Кобина Райт-старшая не была единственной матерью, лелеявшей династические амбиции. Мать Элен Корде, поддерживавшая греческую монархическую семью в изгнании, не делала секрета из своего желания выдать дочь замуж за Филиппа. Но у самой Элен были другие планы. Они с Филиппом дружили, и он часто гостил во французском поместье Корде. Однако Элен влюбилась в студента Оксфорда. Пара поженилась 29 апреля 1938 года, и Филипп стал не только шафером жениха, но и посаженым отцом. Брак распался, и Элен родила двух детей вне брака. Принц Филипп согласился стать их крестным отцом и даже помогал оплачивать образование. Его щедрость породила слухи о его отцовстве, но Элен решительно их отвергала, а в качестве отца называла французского летчика-истребителя7.
Однако у Филиппа была репутация ловеласа. В конце войны он служил в Австралии и на Дальнем Востоке. Его сослуживец и друг Майк Паркер говорил, что в коллекции Филиппа была «куча девушек», хотя об этой фразе он впоследствии сожалел. Во время увольнительных в Сиднее и Мельбурне оба молодых офицера много пили и танцевали. «Девушки там водились в избытке, но кого-то особенно выделить не могу», – утверждал Паркер. Австралийский друг Филиппа, возможно, проявлял излишнюю лояльность. Елизавета находилась слишком далеко, и их романтические отношения были неопределенными, поэтому принц мог считать себя ничем не связанным. Он всегда замечал хорошенькое личико и в браке этой привычки не оставил. Входя в комнату, принц неизменно направлялся к самой привлекательной девушке и заводил с ней разговор8.
В период ухаживания за принцессой Елизаветой во дворце выражали сомнения, сможет ли склонный к флирту лейтенант хранить верность. Личный секретарь короля Томми Ласселс считал, что нет. Возможно, до него дошли слухи, что королевский моряк крутил романы одновременно с двумя женщинами в Сиднее, когда его эсминец HMS Whelp находился там в ремонте. Друг принца, а впоследствии его шталмейстер Майкл Паркер придерживался «линии партии» и утверждал, что хотя Филипп и встречался со многими девушками, ничего серьезного между ними не было и на самом деле принц был довольно «замкнутым» молодым человеком, способным держать себя в руках9.

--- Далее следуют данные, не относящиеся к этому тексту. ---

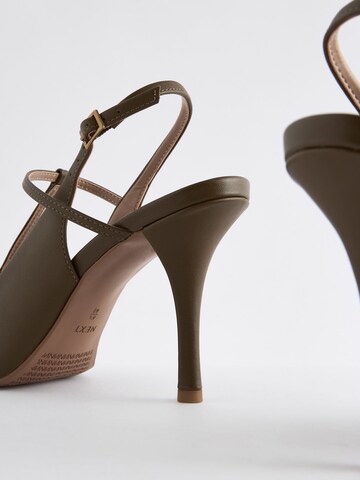 Escarpins à bride arrière 'Forever Comfort®' Next en vert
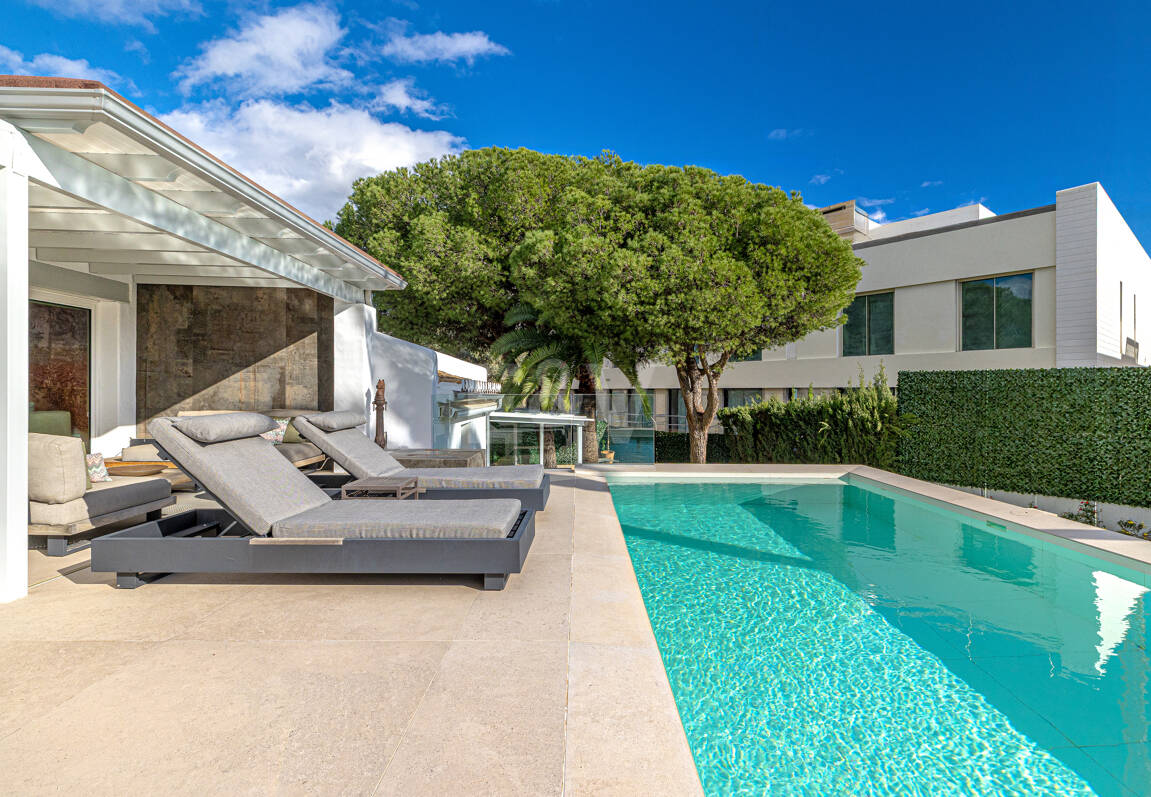 Elegante villa junto a la playa en el este de Marbella con piscina, jacuzzi, campo de golf y a un paso de los servicios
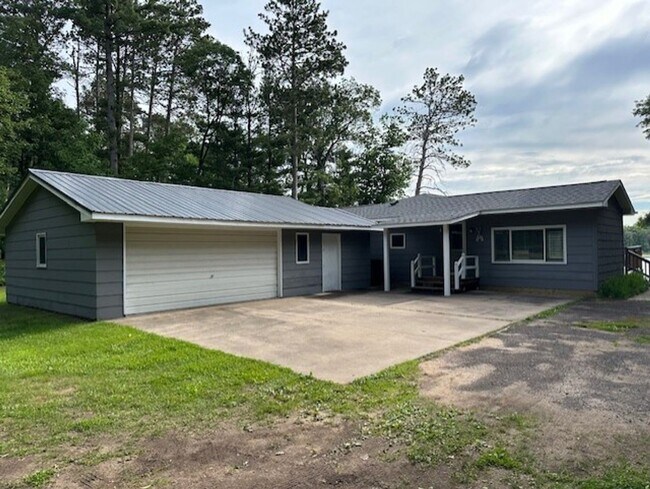 Building Photo - 3 BR Single Family Lake front home - Ironton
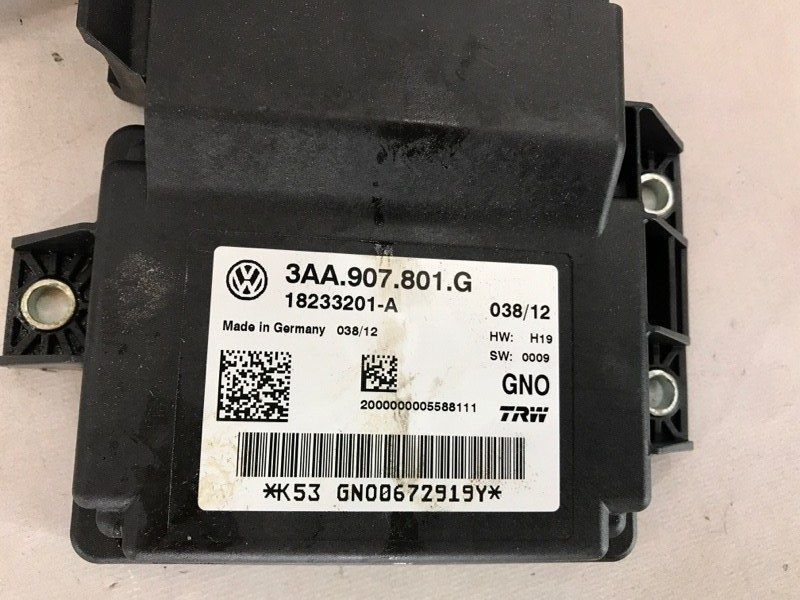 Блок керування стоянковим гальмом 3AA907801G Volkswagen CC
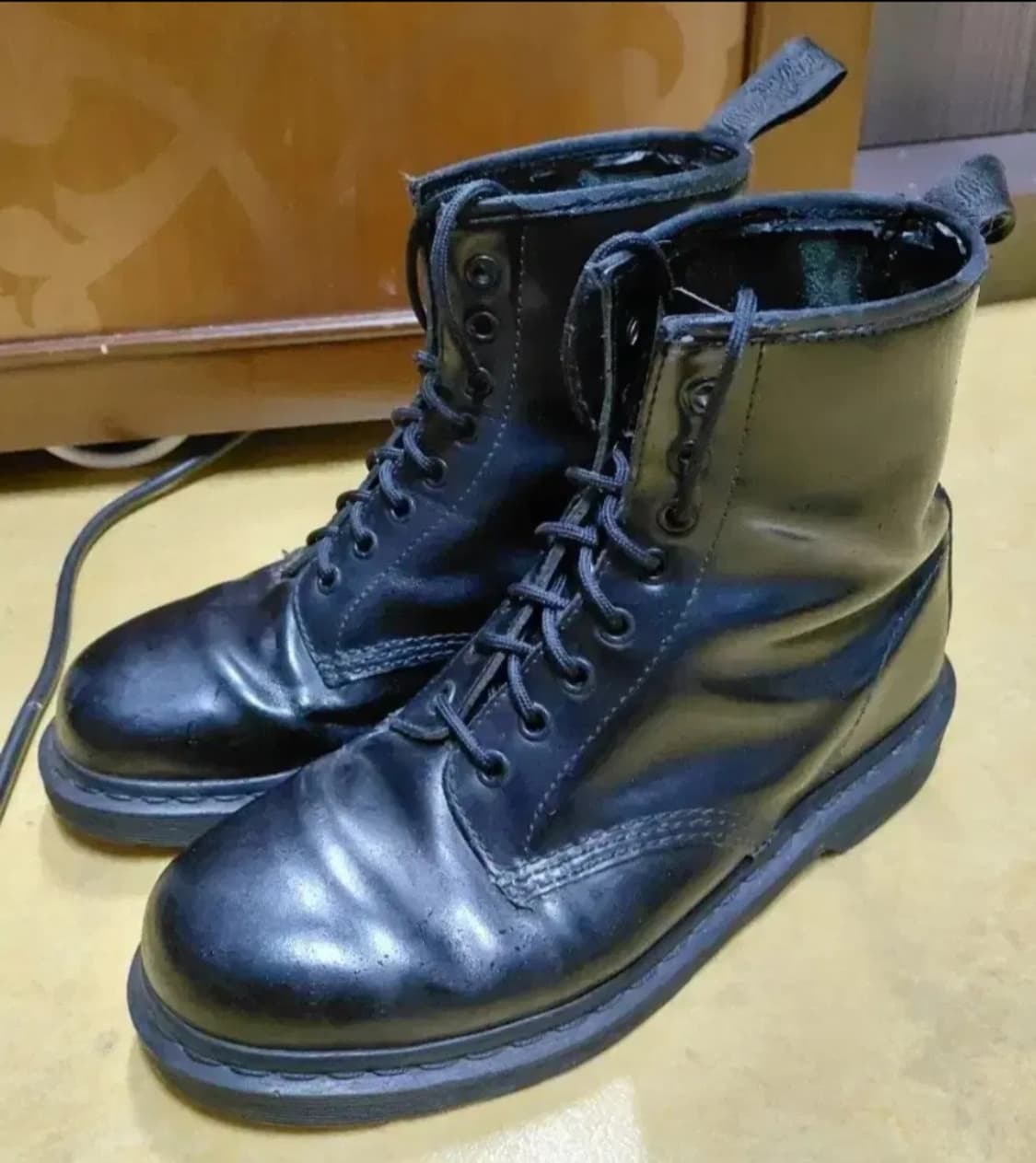 닥터마틴 1460 모노 8홀 블랙 부츠 상품이미지1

Несмотря на поддержку влиятельных тети и дяди, Дикки и Эдвины Маунтбеттен, и еще одной тети, принцессы Марины, а также безраздельную преданность принцессы, одобрение Филиппа в качестве мужа будущей королевы и принца-консорта оставалось под вопросом. В стане скептиков находились король с королевой, королева Мария, Томми Ласселс, члены клана Боуз-Лайон и в особенности брат королевы Дэвид, как и высокопоставленные правые консерваторы – герцоги, графы и лорды, включая Элдона, Солсбери и Стэнли. Принца прозвали «Чарли Краутом»[7] или «гунном». Сомнения вызывали его неимущие королевские родственники и две сестры, состоявшие в браке с нацистами. Да и сам принц Эндрю, отец Филиппа, представлялся человеком сомнительных моральных качеств. До самой своей смерти в 1944 году он жил с любовницей, актрисой Андре Годар, на юге Франции. Как это ни парадоксально, но королевская кровь Филиппа была гуще, чем у принцессы Елизаветы. Среди его родственников были королевские семьи из России, Пруссии, Дании и Греции, и он мог по праву называть себя праправнуком королевы Виктории.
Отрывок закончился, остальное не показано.